<div align="center">

[![Open in Colab](https://colab.research.google.com/assets/colab-badge.svg)](https://colab.research.google.com/github/xiangtgao/DS-UA_201-Causal-Inference-Spring-2025/blob/main/labs/10-Matching_Instruments.ipynb)

</div>

$$
\begin{array}{c}
\textbf{CAUSAL INFERENCE}\\\\
\textbf{Xiang Gao} \\
\textit{Center for Data Science, New York University} \\\\
\textit{Apr 11, 2025}\\\\\\
\text{Materials prepared by: Daniela Pinto Veizaga, Xiang Pan, and Xiang Gao}
\end{array}
$$

---

## Goals For Today

1. Matching
2. Understand what instrumental variables (IVs) are and when they are used.
3. Explore the assumptions needed for an IV to yield valid causal estimates.


## Matching

To obtain treated and control groups with similar covariate distributions.

We have multiple subgroups based on the control variables and $S \perp U | C$, we can use the matching estimator:

$$
\begin{aligned}
\operatorname{Matching}
& =  \sum_{c \in C} \left( \mathbb{E}[Y \mid S=1, C = c] - \mathbb{E}[Y \mid S=0, C = c] \right) \cdot \mathbb{P}(C = c)
\end{aligned}
$$

### Regression (weight is not the probability)


\begin{align}
\alpha_1=\sum_{k=1}^K E\left[Y(S=1, U)-Y(S=0, U) \mid \mathbf{C}=\mathbf{c}_k\right] W\left(\mathbf{C}=\mathbf{c}_k\right)
\end{align}

$W$ is the weight of the subgroup, which might not be the same as the probability of the subgroup.

$$
\begin{aligned}
W(C = c_k) \neq \mathbb{P}(C = c_k)
\end{aligned}
$$



We can look at the example from last time:

In [2]:
import pandas as pd
import numpy as np
import matplotlib.pyplot as plt
import statsmodels.formula.api as sm

In [3]:
# Step 1: Simulate family status (rich=1, poor=0)
np.random.seed(42)
n = 1000
family_status = np.random.binomial(1, 0.4, n)  # 40% rich, 60% poor

# Step 2: Simulate college attendance based on family status (rich more likely to attend college)
college = np.random.binomial(1, 0.7 * family_status + 0.3 * (1 - family_status), n)

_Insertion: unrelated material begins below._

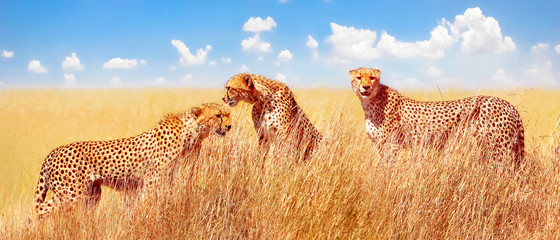 Group of cheetahs in the African savannah. Africa, Tanzania, Serengeti National Park.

# Step 3: Simulate income based on family status and college attendance

noise = np.random.normal(0, 5000, n)  # Noise to add to income
income_observe = (50000 + 30000 * college + 20000 * family_status + noise)
income_college = (50000 + 30000 * 1 + 20000 * family_status + noise)

# For people who went to college (treated group), compared to the untreated,
# they would have higher income in the counterfactual world where they did not go to college
income_no_college = (50000 + 30000 * 0 + 10000 * college + 20000 * family_status + noise)

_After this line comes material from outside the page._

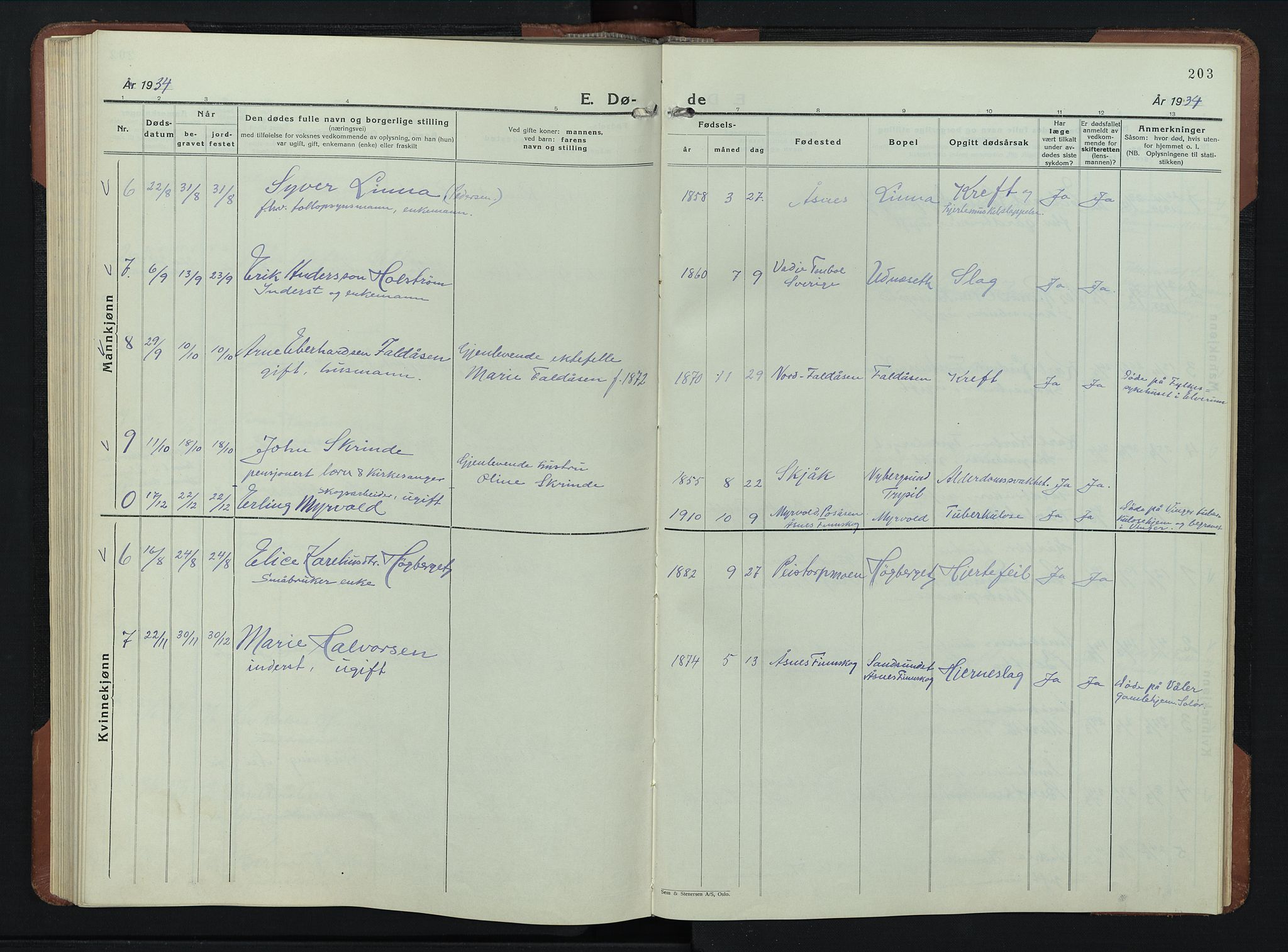 Åsnes prestekontor, SAH/PREST-042/H/Ha/Hab/L0009: Parish register (copy) no. 9, 1930-1954, p. 203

# Create a DataFrame for clarity
df = pd.DataFrame({
    'Family_Status': family_status,  # 1 = rich, 0 = poor
    'College': college,  # 1 = went to college, 0 = did not go to college
    'Income_Observe': income_observe,
    'Income_College': income_college,
    'Income_No_College': income_no_college
})

In [4]:
# Step 4: Compute ATE, ATT, ATU
# TRUE ATE:
ATE = df['Income_College'].mean() - df['Income_No_College'].mean()

# ATT:
ATT = df[(df['College'] == 1)]['Income_College'].mean() - df[(df['College'] == 1)]['Income_No_College'].mean()

# ATU:
ATU = df[(df['College'] == 0)]['Income_College'].mean() - df[(df['College'] == 0)]['Income_No_College'].mean()

# Print the results
print(f"TRUE Average Treatment Effect (ATE): {ATE:.2f}")
print(f"TRUE Average Treatment Effect on the Treated (ATT): {ATT:.2f}")
print(f"TRUE Average Treatment Effect on the Untreated (ATU): {ATU:.2f}")

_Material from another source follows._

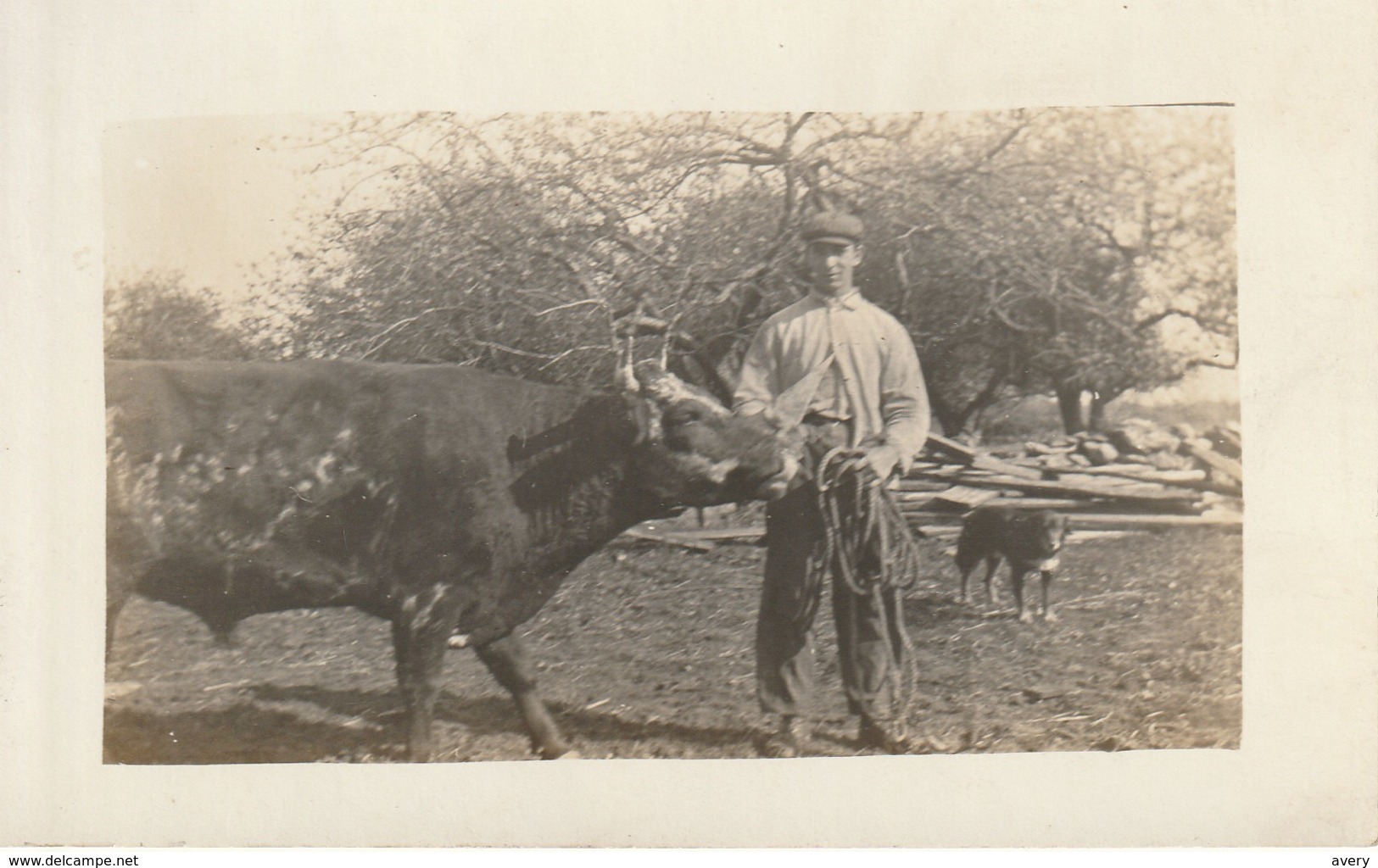Unidentified Man With A Steer And Dog RPPC - Mannen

TRUE Average Treatment Effect (ATE): 25560.00
TRUE Average Treatment Effect on the Treated (ATT): 20000.00
TRUE Average Treatment Effect on the Untreated (ATU): 30000.00


In [5]:
# Step 6: Condition on confounder - family status

ATE_family_1 = df[(df['College'] == 1) & (df['Family_Status'] == 1)]['Income_Observe'].mean() - df[(df['College'] == 0) & (df['Family_Status'] == 1)]['Income_Observe'].mean()

# Print the results
print(f"ATE for those with family_status = 1: {ATE_family_1:.2f}")

ATE_family_0 = df[(df['College'] == 1) & (df['Family_Status'] == 0)]['Income_Observe'].mean() - df[(df['College'] == 0) & (df['Family_Status'] == 0)]['Income_Observe'].mean()

# Print the results
print(f"ATE for those with family_status = 0: {ATE_family_0:.2f}")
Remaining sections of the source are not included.